I developed a python program that does heavy numerical calculations. I run it on a linux machine with 32 Xeon CPUs, 64GB RAM, and Ubuntu 14.04 64-bit. I launch multiple python instances with different model parameters in parallel to use multiple processes without having to worry about the global interpreter lock (GIL). When I monitor the cpu utilization using htop
, I see that all cores are used, however most of the time by kernel. Generally, the kernel time is more than twice the user time. I'm afraid that there is a lot of overhead going on on the system level, but I'm not able to find the cause for this.
How would one reduce the high kernel CPU usage?
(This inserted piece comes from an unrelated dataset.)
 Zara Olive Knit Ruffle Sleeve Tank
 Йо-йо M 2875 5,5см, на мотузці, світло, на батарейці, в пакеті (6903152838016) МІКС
Here are some observation I made:
- This effect appears independent of whether I run 10 jobs or 50. If there are fewer jobs than cores, not all cores are used, but the ones that are used still have a high CPU usage by the kernel
- I implemented the inner loop using numba, but the problem is not related to this, since removing the numba part does not resolve the problem
- I also though that it might be related to using python2 similar to the problem mentioned in this SO question but switching from python2 to python3 did not change much
- I measured the total number of context switches performed by the OS, which is about 10000 per second. I'm not sure whether this is a large number
- I tried increasing the python time slices by setting
sys.setcheckinterval(10000)
(for python2) andsys.setswitchinterval(10)
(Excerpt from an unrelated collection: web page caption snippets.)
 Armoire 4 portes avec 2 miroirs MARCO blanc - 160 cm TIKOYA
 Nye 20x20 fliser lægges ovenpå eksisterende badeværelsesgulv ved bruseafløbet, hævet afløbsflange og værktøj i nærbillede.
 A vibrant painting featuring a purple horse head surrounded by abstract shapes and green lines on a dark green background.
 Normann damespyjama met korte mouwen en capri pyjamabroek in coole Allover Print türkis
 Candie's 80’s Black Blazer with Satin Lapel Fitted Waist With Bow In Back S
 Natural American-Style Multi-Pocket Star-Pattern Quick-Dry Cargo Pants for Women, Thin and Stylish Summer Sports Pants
(for python3) but none of this helped - I tried influencing the task scheduler by running
schedtool -B PID
but this didn't help
Edit:
Here is a screenshot of htop
:
I also ran perf record -a -g
and this is the report by perf report -g graph
:
Samples: 1M of event 'cycles', Event count (approx.): 1114297095227
- 95.25% python3 [kernel.kallsyms] [k] _raw_spin_lock_irqsave ◆
- _raw_spin_lock_irqsave ?
- 95.01% extract_buf ?
extract_entropy_user ?
urandom_read ?
vfs_read ?
sys_read ?
system_call_fastpath ?
__GI___libc_read ?
- 2.06% python3 [kernel.kallsyms] [k] sha_transform ?
- sha_transform ?
- 2.06% extract_buf ?
extract_entropy_user ?
urandom_read ?
vfs_read ?
sys_read ?
system_call_fastpath ?
__GI___libc_read ?
- 0.74% python3 [kernel.kallsyms] [k] _mix_pool_bytes ?
- _mix_pool_bytes ?
- 0.74% __mix_pool_bytes ?
extract_buf ?
extract_entropy_user ?
urandom_read ?
vfs_read ?
sys_read ?
system_call_fastpath ?
__GI___libc_read ?
0.44% python3 [kernel.kallsyms] [k] extract_buf ?
0.15% python3 python3.4 [.] 0x000000000004b055 ?
0.10% python3 [kernel.kallsyms] [k] memset ?
0.09% python3 [kernel.kallsyms] [k] copy_user_generic_string ?
0.07% python3 multiarray.cpython-34m-x86_64-linux-gnu.so [.] 0x00000000000b4134 ?
0.06% python3 [kernel.kallsyms] [k] _raw_spin_unlock_irqresto?
0.06% python3 python3.4 [.] PyEval_EvalFrameEx
It seems as if most of the time is spent calling _raw_spin_lock_irqsave
. I have no idea what this means, though.